As I was preparing to implement hash tables in Abbess, I ran across a bit a code that looked like a no-brainer fix, but it had a terrible impact on performance. After I loop through the pseudo-legal moves, if none of them were legal, then I want to return a checkmate or stalemate score. Since I use fail-hard alpha-beta, I thought the below code was wrong to return scores that were potentially above beta:
//------- E: IF NO MOVES WERE LEGAL, IT'S EITHER STALEMATE OR CHECKMATE --------
if(stale) {
// No move has been found legal
// if we are not in check, this is stalemate
if(inCheck==0) {
space->ply--;
return Max(alpha,0);
}
else {
// we are in a checkmate position
val=-MATE_SCORE+space->ply;
space->ply--;
if(-MATE_SCORE+space->ply>alpha)
return -MATE_SCORE+space->ply;
else
return alpha;
}
}
//------- E: IF NO MOVES WERE LEGAL, IT'S EITHER STALEMATE OR CHECKMATE --------
if(stale) {
// No move has been found legal
// if we are not in check, this is stalemate
if(inCheck==0) {
space->ply--;
if(0>=beta)
return beta;
else if(0>alpha)
return 0;
else
return alpha;
}
else {
// we are in a checkmate position
val=-MATE_SCORE+space->ply;
space->ply--;
if(val>=beta)
return beta;
else if(val>alpha)
return val;
else
return alpha;
}
}
But in self-play, this performs significantly worse.
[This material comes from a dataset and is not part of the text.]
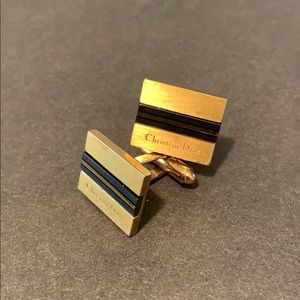 DIOR CHRISTIAN DIOR Cufflinks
Am I missing something? I don’t understand why this "fix" would be so detrimental.
I think that this tournament is a little too short to asses a so small elo difference.
could you try doing a tournament between A) & d) with more than 1000 games. 10000 should be a good number of games
how long is each game? igf the game is fast enough you can do more than 1000 games in a day. you can achieve more than 1000 games a days with games shorther than a minute
elcabesa wrote:I think that this tournament is a little too short to asses a so small elo difference.
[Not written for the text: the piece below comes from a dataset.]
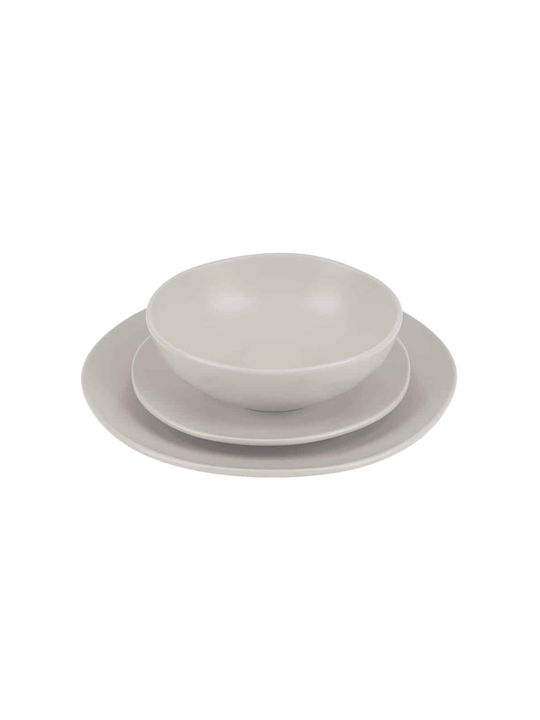 Berlinger Haus Alb Porțelan Set de Vase 20buc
could you try doing a tournament between A) & d) with more than 1000 games. 10000 should be a good number of games
how long is each game? igf the game is fast enough you can do more than 1000 games in a day. you can achieve more than 1000 games a days with games shorther than a minute
I play 50/1' for most of my testing, and only test overnight, so this is about the limit of what I can do in a day. I haven't been happy with cutechess, so that's about as fast as I can go.
With a 46 elo difference with and without the change and only 28 elo bars, I think it's pretty clear with even this few games.
I will try running the two of them through cutechess tonight at a faster TC, though.
elcabesa wrote:I think that this tournament is a little too short to asses a so small elo difference.
could you try doing a tournament between A) & d) with more than 1000 games. 10000 should be a good number of games :)
how long is each game? igf the game is fast enough you can do more than 1000 games in a day. you can achieve more than 1000 games a days with games shorther than a minute
I play 50/1' for most of my testing, and only test overnight, so this is about the limit of what I can do in a day. I haven't been happy with cutechess, so that's about as fast as I can go.
With a 46 elo difference with and without the change and only 28 elo bars, I think it's pretty clear with even this few games.
I will try running the two of them through cutechess tonight at a faster TC, though.
If you are running on Windows you should use an older version of CuteChess the latest one is unstable there.
Robert Pope wrote:With a 46 elo difference with and without the change and only 28 elo bars, I think it's pretty clear with even this few games
If I understand correctly the elo story, then you have 95% probability that the real elo is within the 2 limits. So if the interval intersection is not empty, you can't say anything about the relative strenght of the 2 engine versions.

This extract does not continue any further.